◆ Action item ◆
Without including any images, repeat the listing below exactly.

◆ Stored data ◆
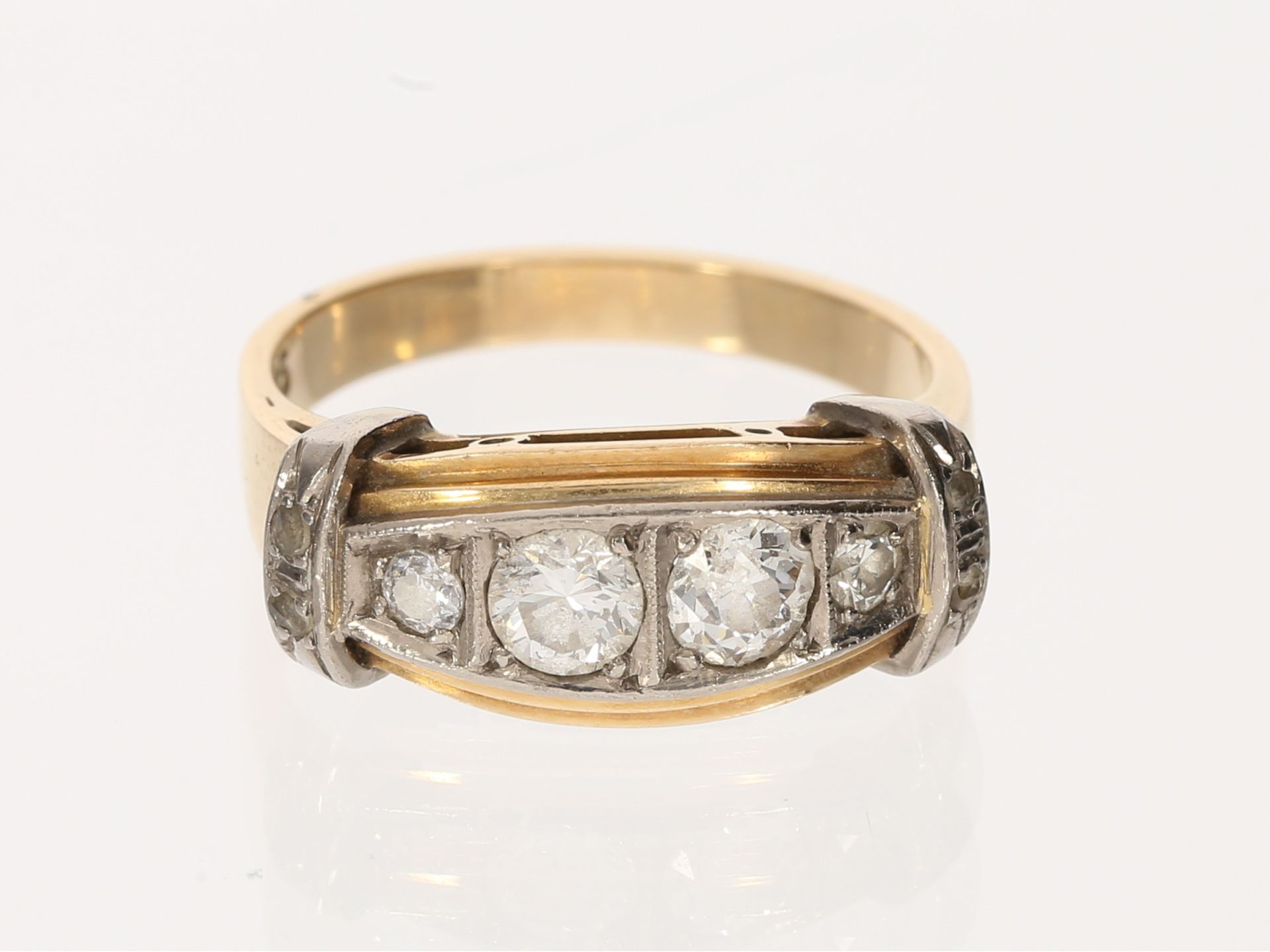 Ring: antiker Goldschmiedering mit Altschliffdiamanten und Diamantrosen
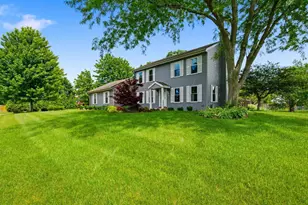 W169N10806 Redwood Ln, Germantown, WI 53022 - Photo 1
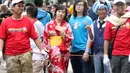 Pengunjung memakai kimono saat Festival Jakarta Little Tokyo 2017, Jakarta, Sabtu (13/5). Festival tersebut menjadi ajang untuk masyarakat Indonesia melihat langsung kebudayan negri matahari tersebut. (Liputan6.com/Angga Yuniar)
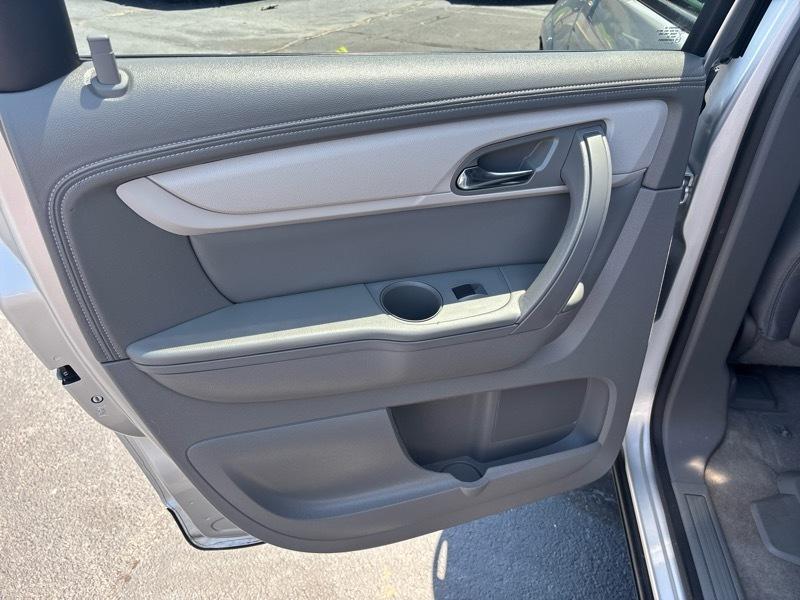 Chevrolet Traverse LS FWD 2016
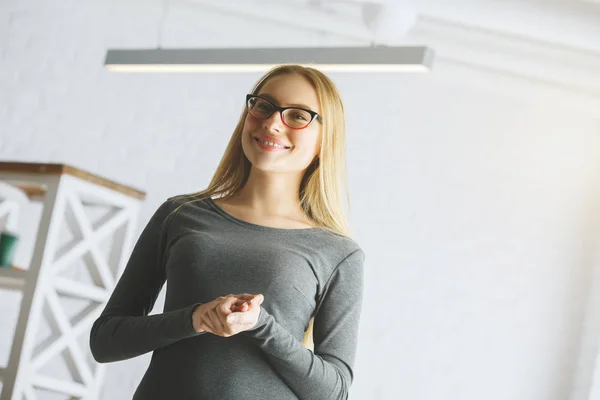 Retrato de mujer sonriente —  Fotos de Stock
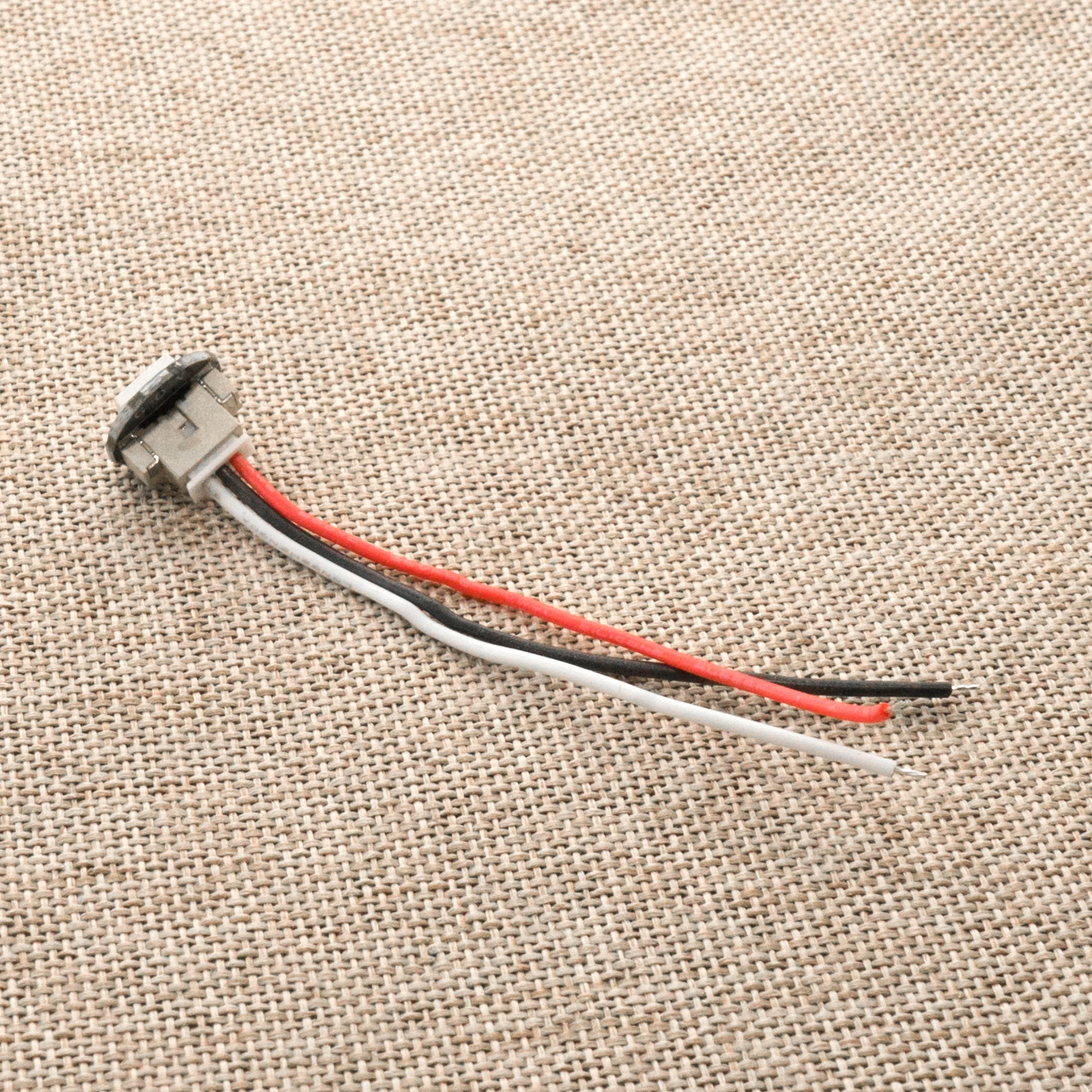 يمكن استخدام مصباح الصغير المحدد لـ DIYsabers للملحقات مثل غرفة الكريستال المعدنية الدوارة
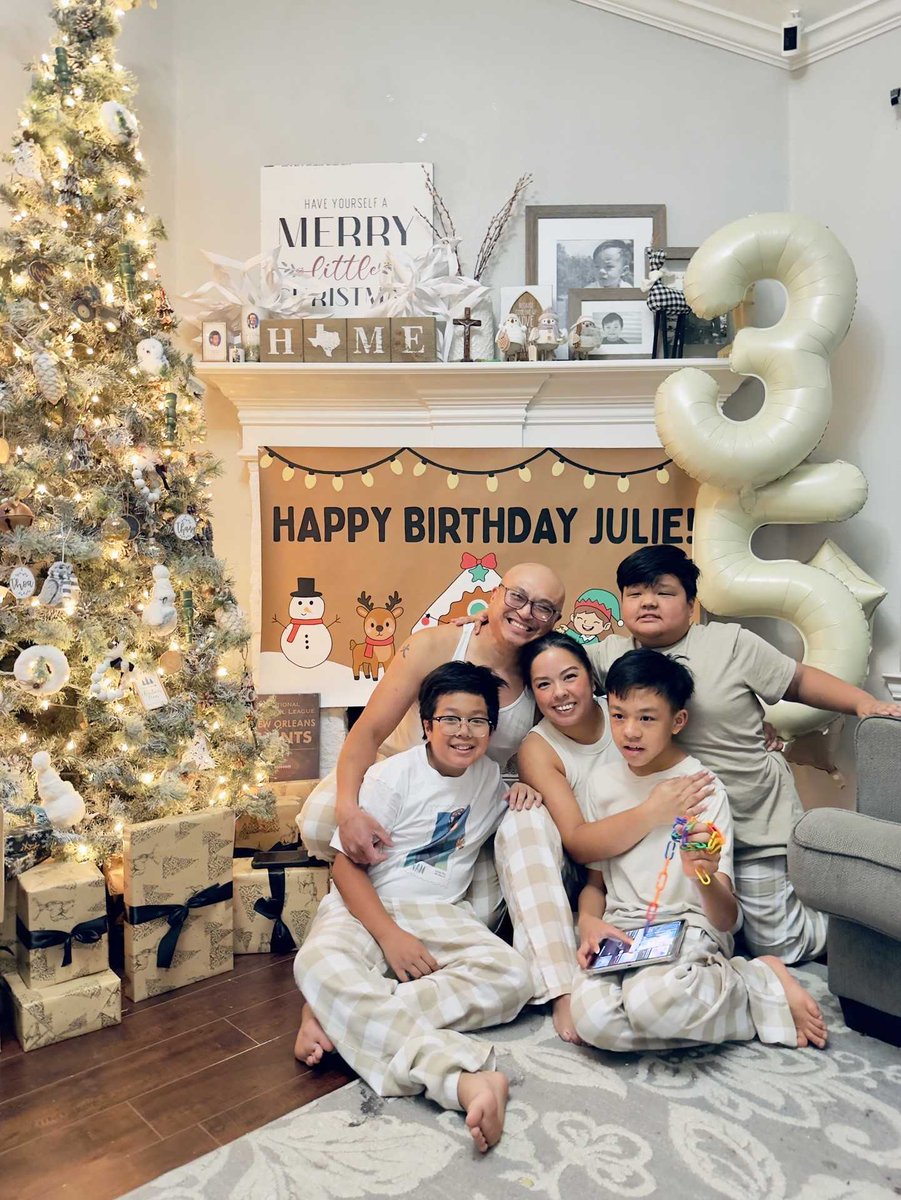 TheLarryLe's tweet photo. Merry Christmas from my family to y'all's! #LeBoys #LuckiestGuyInTheWorld #MatchingPJs #ObligatoryChristmasPhoto https://t.co/Am07OhVzEi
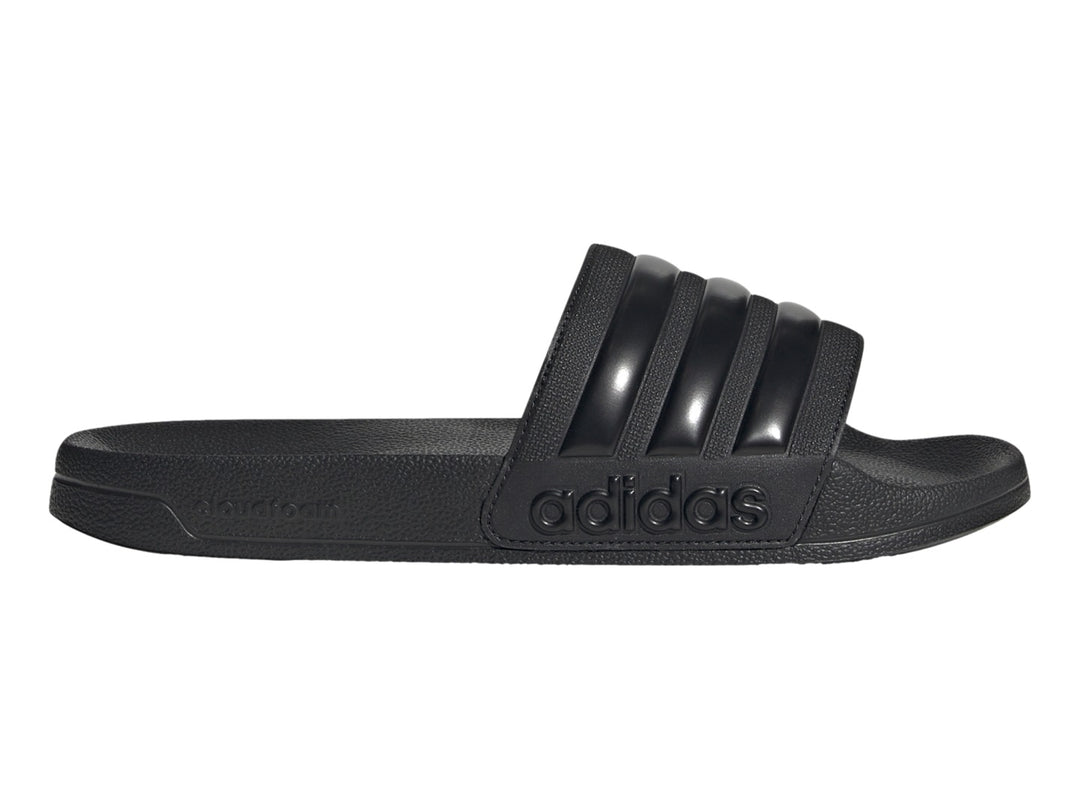 Sandalia Adidas Adilette Shower en color negro total con las tres franjas características en la banda superior.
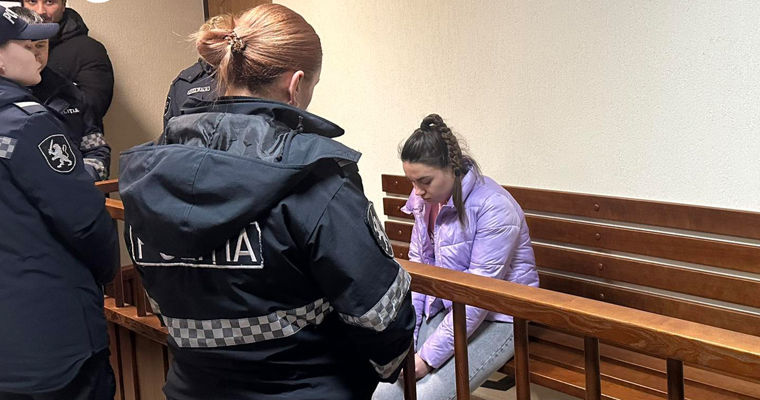 Экс-инспектор полиции в суде признала вину за смертельное ДТП в Сынжере.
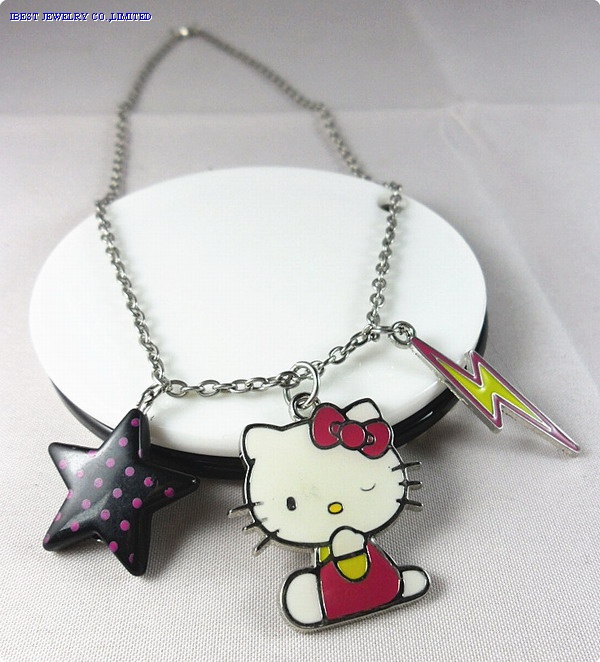 Hello Kitty Metal necklace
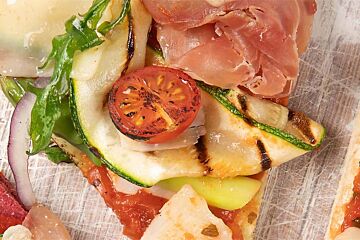 Flatbread seranoham               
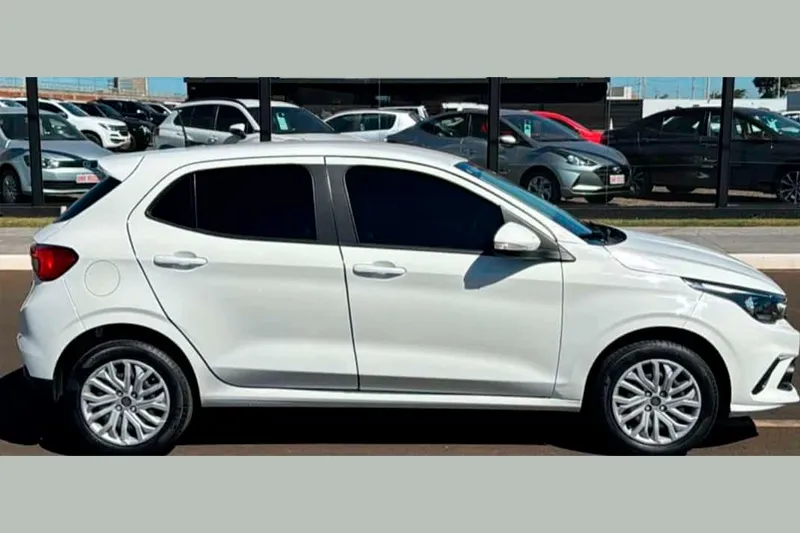 Fiat Argo branco roubado em Chapadão do Sul nesta madrugada de 03 de março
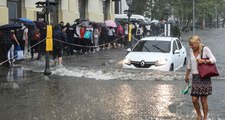 İstanbullular Dikkat! Meteoroloji Gün Verdi, Sağanak Yağış Geliyor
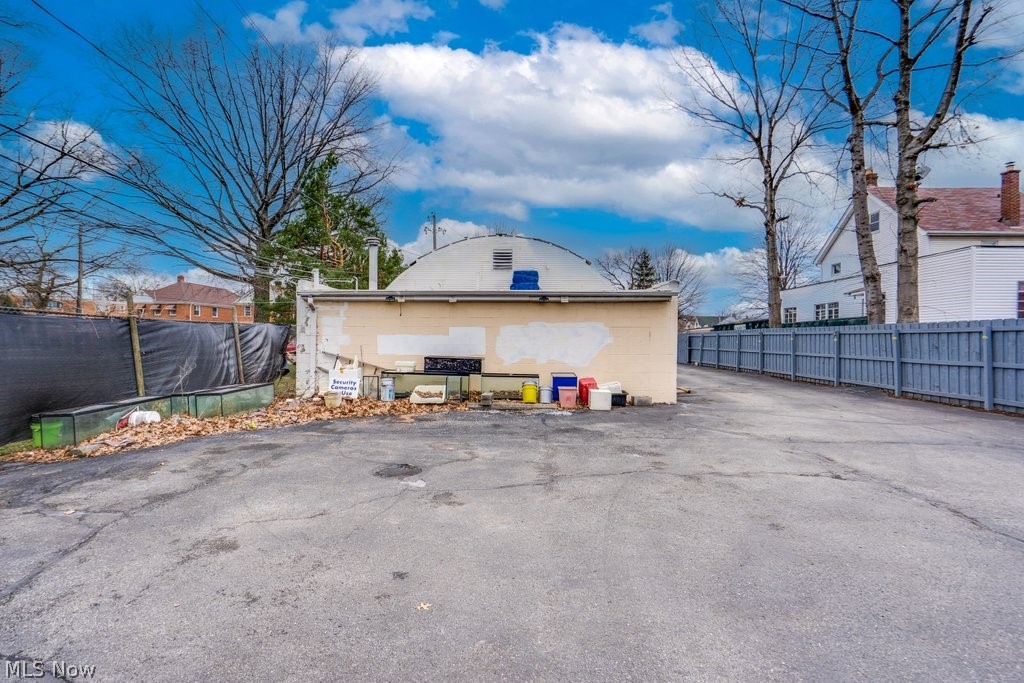 4873 Broadview Road Property Photo 6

◆ Response below ◆
 Ring: antiker Goldschmiedering mit Altschliffdiamanten und Diamantrosen
 W169N10806 Redwood Ln, Germantown, WI 53022 - Photo 1
 Pengunjung memakai kimono saat Festival Jakarta Little Tokyo 2017, Jakarta, Sabtu (13/5). Festival tersebut menjadi ajang untuk masyarakat Indonesia melihat langsung kebudayan negri matahari tersebut. (Liputan6.com/Angga Yuniar)
 Chevrolet Traverse LS FWD 2016
 Retrato de mujer sonriente —  Fotos de Stock
 يمكن استخدام مصباح الصغير المحدد لـ DIYsabers للملحقات مثل غرفة الكريستال المعدنية الدوارة
 TheLarryLe's tweet photo. Merry Christmas from my family to y'all's! #LeBoys #LuckiestGuyInTheWorld #MatchingPJs #ObligatoryChristmasPhoto https://t.co/Am07OhVzEi
 Sandalia Adidas Adilette Shower en color negro total con las tres franjas características en la banda superior.
 Экс-инспектор полиции в суде признала вину за смертельное ДТП в Сынжере.
 Hello Kitty Metal necklace
 Flatbread seranoham               
 Fiat Argo branco roubado em Chapadão do Sul nesta madrugada de 03 de março
 İstanbullular Dikkat! Meteoroloji Gün Verdi, Sağanak Yağış Geliyor
 4873 Broadview Road Property Photo 6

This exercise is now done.